— WHAT NEEDS TO BE DONE —
Reproduce every entry exactly and leave its pictures out.

[DATA]

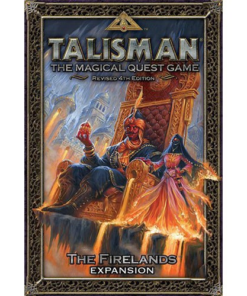 Talisman Revised 4th Edition: The FirelandsExpansion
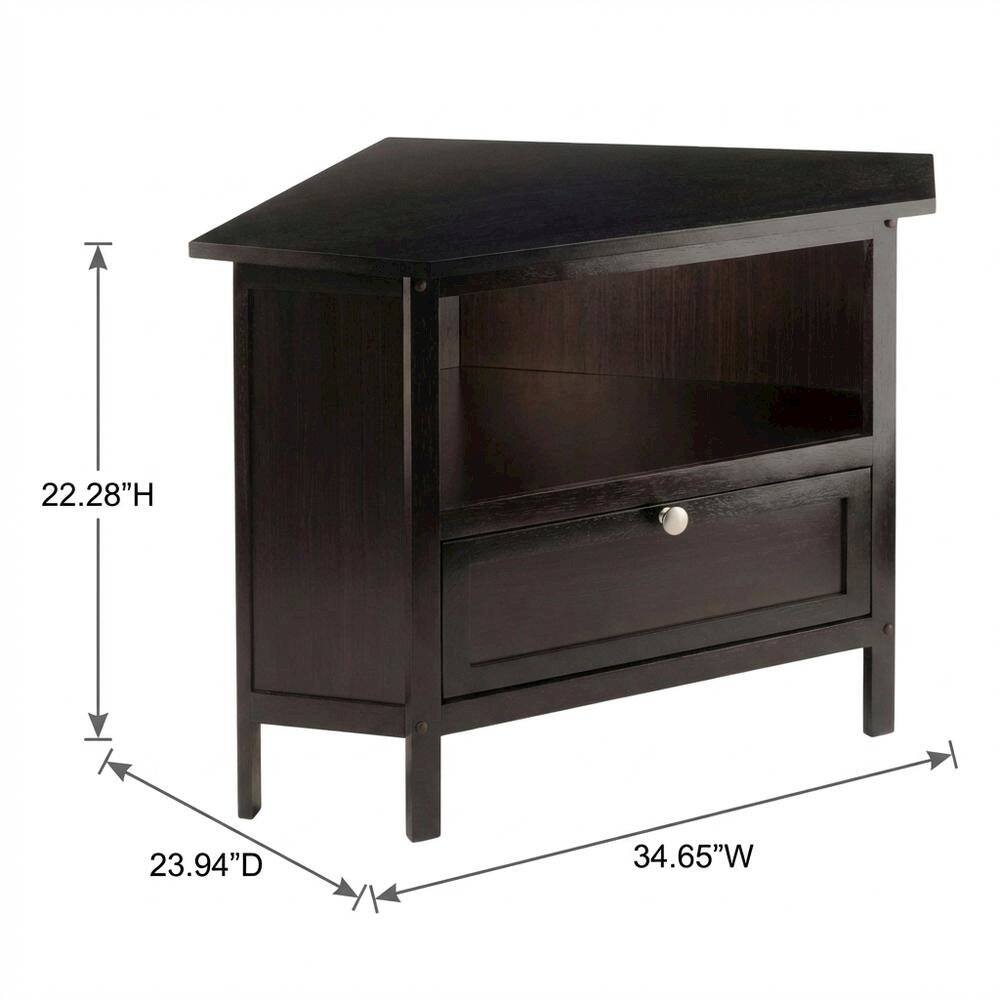 22.28"H 23.94"D 34.65"W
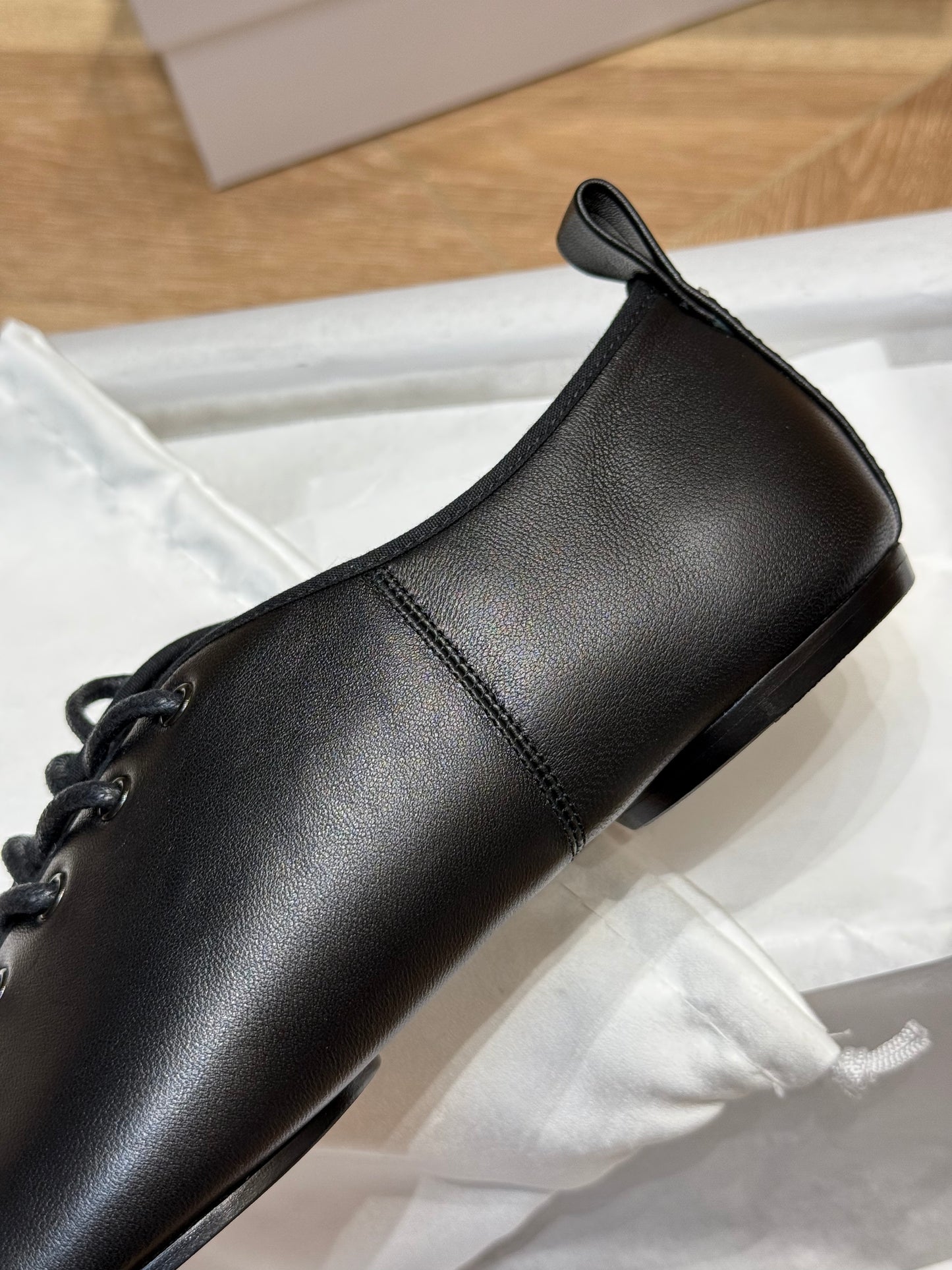 MAISON M TABI LOAFERS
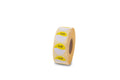 1131992 - Tuesday 19mm Circle Food Rotation Label 1000 labels per roll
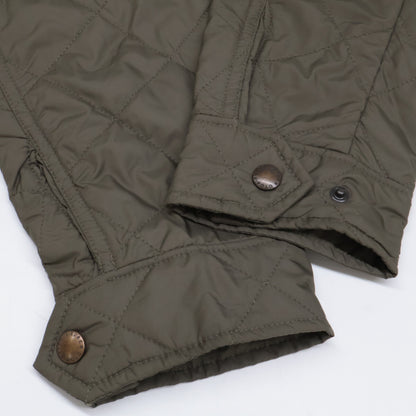 POLO RALPH LAUREN Khaki Quilted Liner Jacket Size Ⅿ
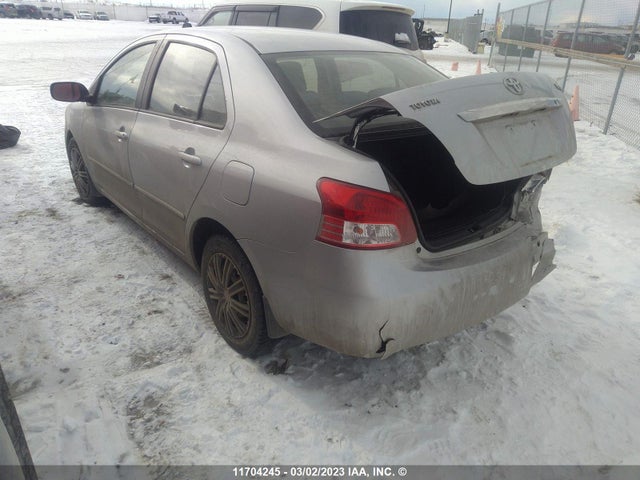 Toyota Yaris 2008 JTDBT923X81263324 Image 4
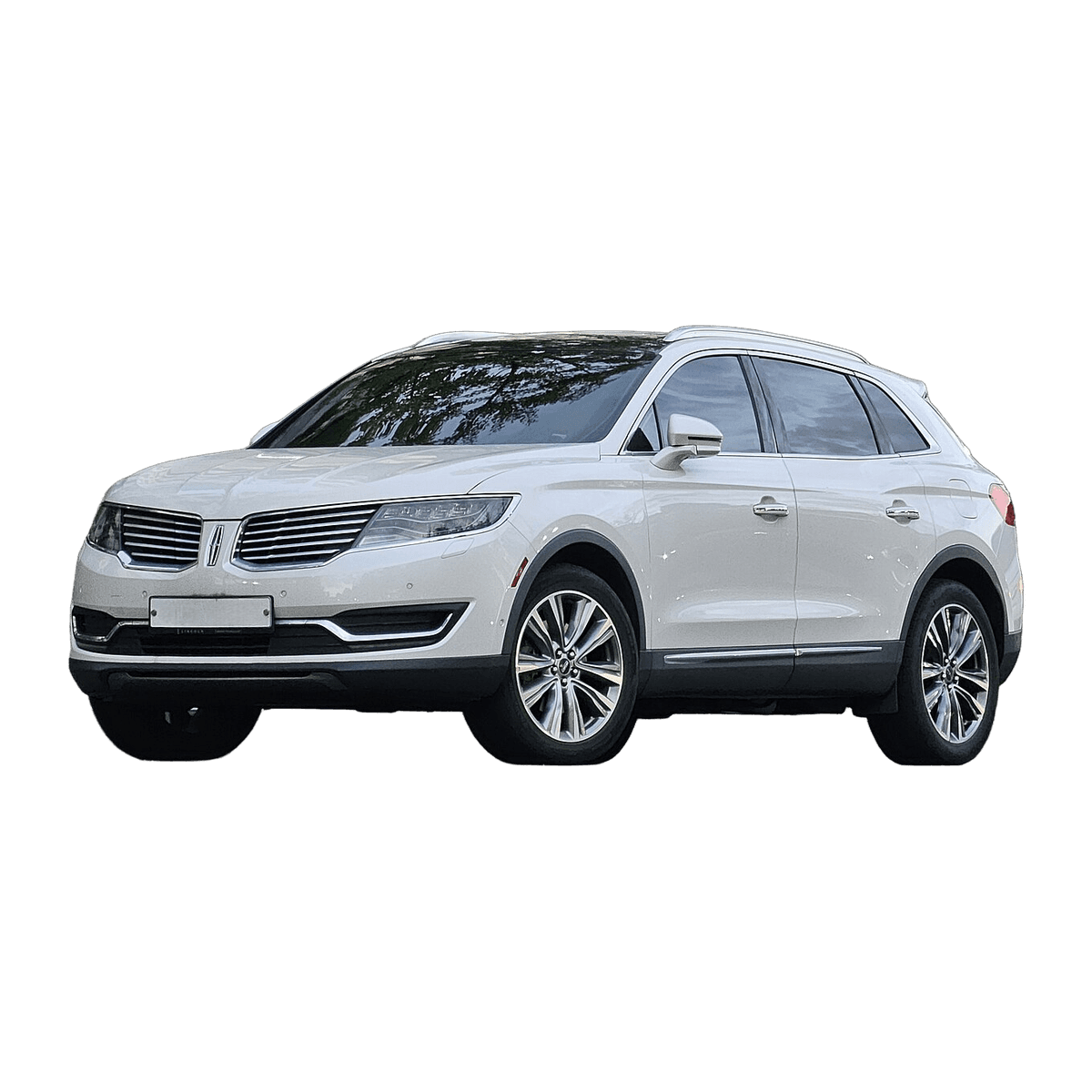 2016 Lincoln MKX car service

[/DATA]

— ANSWER BELOW —
 Talisman Revised 4th Edition: The FirelandsExpansion
 22.28"H 23.94"D 34.65"W
 MAISON M TABI LOAFERS
 1131992 - Tuesday 19mm Circle Food Rotation Label 1000 labels per roll
 POLO RALPH LAUREN Khaki Quilted Liner Jacket Size Ⅿ
 Toyota Yaris 2008 JTDBT923X81263324 Image 4
 2016 Lincoln MKX car service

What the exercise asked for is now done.